What is Hyperventilation

Hyperventilation is the breathing response kicked off by chemical changes in the blood such as high CO2 or low oxygen level. It can also be set off by an acute panic attack or anxiety attack. It occurs mainly in out of shape, inexperienced divers or in divers with malfunctioning regulators. It can be managed simply by assisting the diver to the surface in a controlled fashion from behind, holding the regulator in the divers mouth. Since the diver is breathing, there’s little need to worry about pulmonary over pressure accidents from breath-holding. The diver blows off excessive quantities of CO2 thus lowering the serum calcium level, which can result in ‘tetany’ – a condition in which the muscles go into involuntary spasm. On the surface, the condition is managed quite well by rebreathing into a paper bag – thus elevating the CO2 level, the calcium level with a resultant return to normal of the neuromuscular activity.

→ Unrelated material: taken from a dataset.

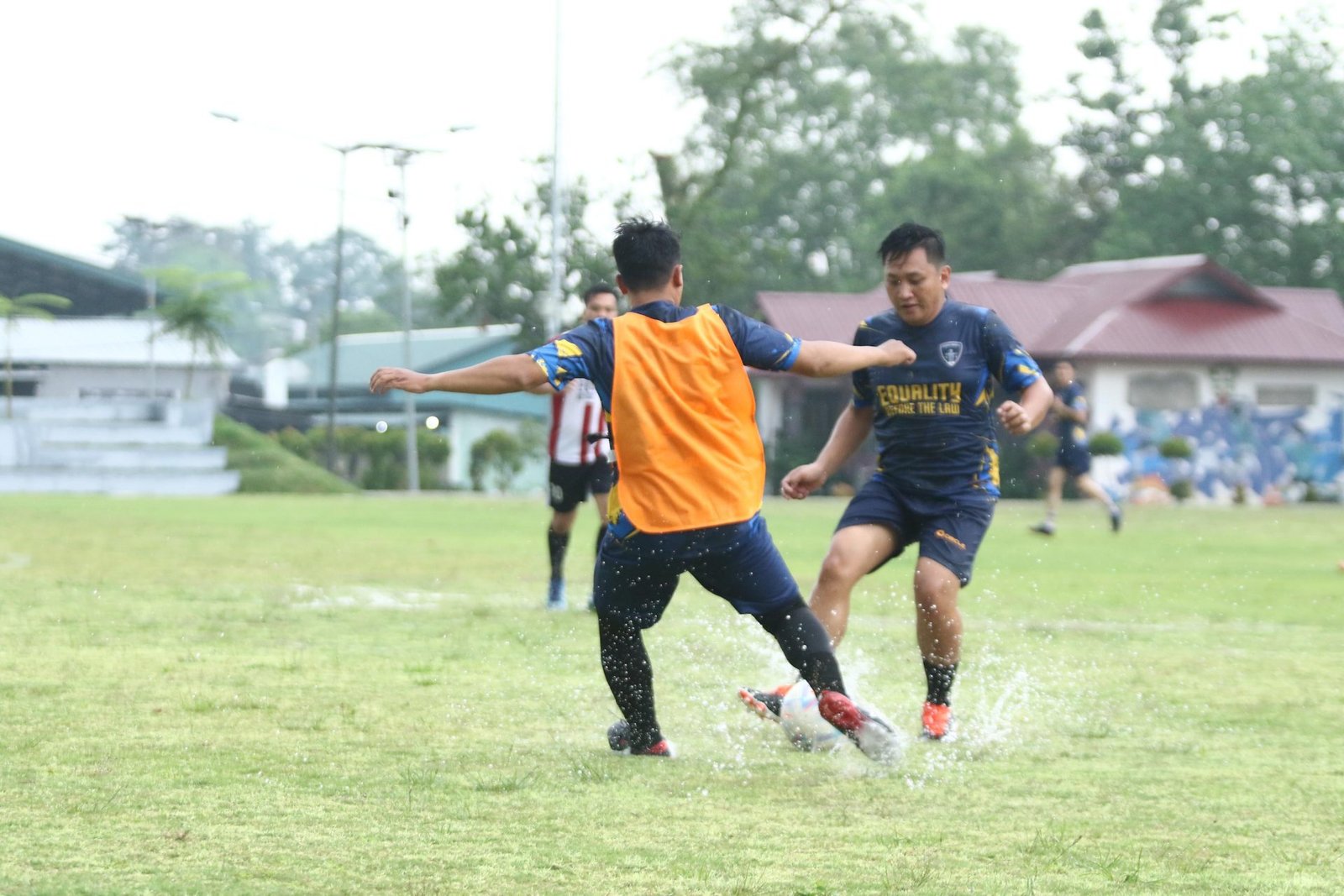 MLFC Panaskan Mesin Pra-Kick Off Liga dengan Menjajal Lapangan Cadika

What Causes Hyperventilation?

Hyperventilation is an unreasoning rapid breathing associated with psychological shortness of breath or feeling of smothering and is one of the symptom complex of a panic attack. It feeds on itself by producing a marked lowering of the pCO2 (carbon dioxide levels) with an associated drop of blood calcium levels resulting in tetany (spastic loss of muscle function). This results in a vicious cycle — pushing the diver into a peripheral narrowing and locked into panic driven behavior. Rapid breathing can also be caused by faulty equipment, causing a retention of CO2.

Peripheral Narrowing

Dr. Glen Egstrom, in “Stress and Scuba Diving”, states that peripheral narrowing causes such panic driven behavior by the diver with ineffective problem- solving, even in the highly trained individual.

What to Do?

The physical effects of hyperventilation can be solved nicely on the surface by rebreathing CO2 in a paper bag or other distensible sack. This is impossible at depth and hyperventilation becomes an emergency requiring a controlled assisted ascent, with the strong possibility that rescue will be needed on the surface, due to the ineffectual, inappropriate behavior caused by the focused peripheral narrowing of the panic attack.

Should the Diver Continue to Dive?

The diver should have an independent skilled technician check out his scuba gear, paying close attention to his regulator. If this is not a problem, the diver should ask himself:

  • Am I prepared to dive anymore? Scuba is fun, not a contest.
  • Are there any physical reasons which might have caused my over breathing? Did I have a cold, gastroenteritis, fatigue, hangover or was I terribly out of shape for the type of diving that I was doing?
  • Am I a “Dragooned” diver as Dr. Jeff Davis called the diver that was diving to please a friend or spouse? Is my training adequate for this type of diving or has it been a long time between diving trips?
  • Is the environment difficult, with high current, rough seas, cold water or bad weather?

All of these things can cause anxiety to start and, as has been noted, it can feed on itself and rapidly grow unmanageable. One should freely admit to pre-dive insecurity and get the dive guides to stay near you in order to assist if needed.